超神经HyperAI2025-12-11 16:39
Capture the remains of ancient life in the chaotic molecular fragments

A cross - disciplinary team composed of the Carnegie Institution for Science in the United States and multiple universities around the world has refined a "technology integration" solution that combines pyrolysis gas chromatography - mass spectrometry with supervised machine learning. This solution can capture ancient life remains from chaotic molecular fragments.

Decoding the organic molecules buried deep in the ancient rock layers beneath the earth's surface plays a crucial role in understanding the Earth's history and studying the evolution of life. These potential witnesses of life activities can not only solve the mystery of the origin of life on Earth, especially clarify the relationship between the origin of photosynthesis and the oxidation process of the Earth's atmosphere, but also fill the gaps in the timeline of life evolution and provide core clues for understanding the formation of the early Earth's ecosystem. However, unlike large organisms that can form visible fossils, these "witnesses" have long since disappeared after being eroded by geological time. Therefore, how to identify traces of life from highly degraded organic remains has become a major challenge in the fields of paleontology and earth science.

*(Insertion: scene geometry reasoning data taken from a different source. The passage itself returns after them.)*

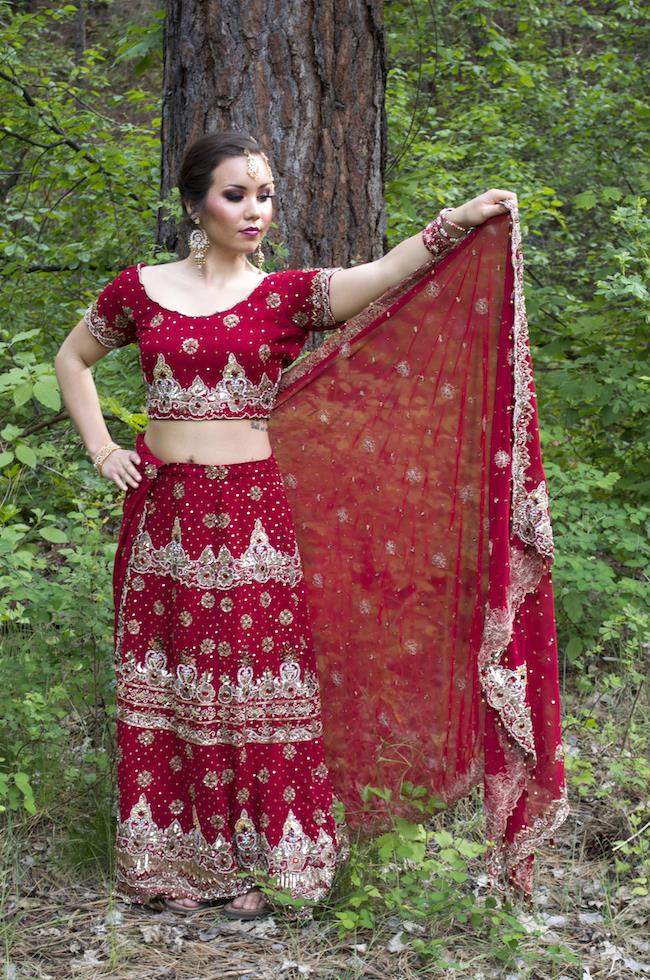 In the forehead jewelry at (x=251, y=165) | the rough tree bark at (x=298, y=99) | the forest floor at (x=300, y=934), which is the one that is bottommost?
the forest floor at (x=300, y=934)

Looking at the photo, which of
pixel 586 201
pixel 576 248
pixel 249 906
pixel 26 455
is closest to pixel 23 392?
pixel 26 455

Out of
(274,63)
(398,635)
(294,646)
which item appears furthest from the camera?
(274,63)

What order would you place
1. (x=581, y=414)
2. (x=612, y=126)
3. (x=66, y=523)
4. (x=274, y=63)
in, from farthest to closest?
(x=612, y=126), (x=581, y=414), (x=66, y=523), (x=274, y=63)

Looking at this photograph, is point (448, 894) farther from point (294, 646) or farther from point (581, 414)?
point (581, 414)

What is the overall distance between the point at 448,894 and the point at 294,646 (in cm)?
77

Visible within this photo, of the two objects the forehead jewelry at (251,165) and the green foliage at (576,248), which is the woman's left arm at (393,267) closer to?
the forehead jewelry at (251,165)

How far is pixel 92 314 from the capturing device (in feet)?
9.87

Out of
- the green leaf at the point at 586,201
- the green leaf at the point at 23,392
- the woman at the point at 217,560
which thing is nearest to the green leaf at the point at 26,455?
the green leaf at the point at 23,392

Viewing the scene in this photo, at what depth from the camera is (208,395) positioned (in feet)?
9.16

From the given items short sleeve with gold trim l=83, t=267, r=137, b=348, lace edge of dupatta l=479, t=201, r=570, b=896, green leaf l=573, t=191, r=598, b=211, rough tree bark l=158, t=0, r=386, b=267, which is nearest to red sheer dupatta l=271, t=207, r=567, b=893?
lace edge of dupatta l=479, t=201, r=570, b=896

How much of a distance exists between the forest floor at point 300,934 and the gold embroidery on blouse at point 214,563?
3.15ft

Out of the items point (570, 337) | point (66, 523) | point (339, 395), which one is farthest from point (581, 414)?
point (66, 523)

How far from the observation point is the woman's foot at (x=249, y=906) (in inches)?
117

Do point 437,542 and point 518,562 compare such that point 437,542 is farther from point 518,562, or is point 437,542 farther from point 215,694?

For a long time, scientists have mainly relied on methods such as the morphology of paleontological fossils and isotope analysis to explore early life. However, these methods are often limited by the preservation state of samples. For example, clear records of complex molecules such as lipids and porphyrins can only be traced back to about 1.6 billion years ago, which is much shorter than the time of the origin of life revealed by other evidence. The origin of organic molecules in Archean rocks is ambiguous, and it is difficult to determine the boundary between biogenic and abiogenic origins. All these have left many key discoveries at the stage of speculation.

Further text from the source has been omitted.